Longer school days and small class sizes have been introduced by a failing Birmingham school at the heart of the Trojan Horse scandal in a bid to turn it around.
Golden Hillock was one of five Birmingham schools plunged into special measures after snap inspections by Ofsted - sparked by the emergence of the so-called Operation Trojan Horse plot.
A leaked letter, supposedly penned by one conspirator to another, detailed an alleged plot by hard-line Muslims to oust teachers, take over governing bodies and Islamise non-faith schools across the city.
In April 2014, Ofsted inspectors descended on Golden Hillock School, in Sparkhill, and branded it "inadequate" - criticising it for doing "too little to keep students safe from the risks associated with extremist views".
Hardeep Saini, principal at the time of the inspection, is one of 13 teachers from across five Trojan Horse-linked schools currently facing disciplinary hearings and possible life-time bans from the classroom.
Almost two years on from Ofsted's snap inspection, Golden Hillock is beyond recognition - with almost all trace of its past and links to Trojan Horse literally painted away.
Outside stands a new sign, proudly announcing it as the newly named Ark Boulton Academy after it was taken over by the respected Ark academy chain in September.
Pupils stride quietly, yet purposefully, around the school corridors in their crisp new uniforms - including blazers they hand-picked themselves.
The uniform, says new headteacher Herminder Channa, is a powerful symbol of pupils' pride - a virtue children have struggled to show since their school was flung into the glare of the media spotlight after Trojan Horse emerged.
Mrs Channa said the scandal has had a huge impact on the school, with standards slipping since it broke nearly two years ago.
In 2013, the summer before Trojan Horse emerged, 52 per cent of the school's pupils clinched the benchmark government standard of five GCSEs or more grades A* to C including English and maths. However, the figure dropped to 43 per cent in 2014 and fell further to 41 per cent last summer.
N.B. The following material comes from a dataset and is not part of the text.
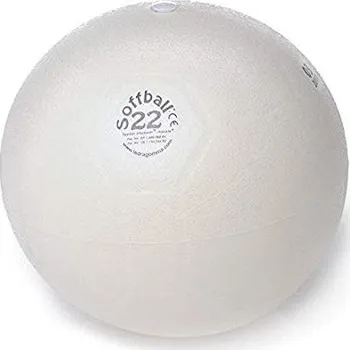 Gymnastický míč Ledragomma SoffBall MAXAFE 22cm - bílý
Now, the school is strongly focussed on changing its academic fortunes, breaking the mould by introducing some radical new initiatives - including small class sizes made up by as few as 16 pupils.
It also has longer days, with school starting at 8.20am and finishing at 3.35pm - with popular optional after school clubs running until 5pm.
"We have ten form classes to each year group and each child will keep the same form tutor throughout their whole time at the school," said Mrs Channa.
"It's not just about academic achievement, it means form tutors can develop strong relationships with pupils and will be able to spot if there are any issues."
And the school has gone to great lengths to secure a full compliment of talented staff, recruiting top teachers from as far away as Australia.
Mrs Channa said the school was already a "million miles away" from the place she walked into when she first clinched the job.
"When I first came, what I saw was children that were academically let down," she added.
"These were bright children that wanted to learn. This is what it's about - they have a right to the best education we can provide for them. That's what I am going to give them."
She admitted that she had a long way to go, with the school still in special measures and deemed 'inadequate' when it last underwent a monitoring inspection by Ofsted last June.
"I want to engage with the whole community, obviously they have been through a very unstable time," she added.
"It's about building trust. It's not something we can expect straight away but we are already seeing a lot of positivity from parents and pupils."
Mrs Channa believes she is well placed to pull Ark Boulton out of special measures with a track record of success under her belt.
She helped set up Nishkam High, a free school in Birmingham which opened in September 2012 and was rated 'outstanding' in 2014.
"Trojan Horse is something that is in the past, it is an event that happened," she added.
"People can see the light at the end of the tunnel. It's about looking to the future."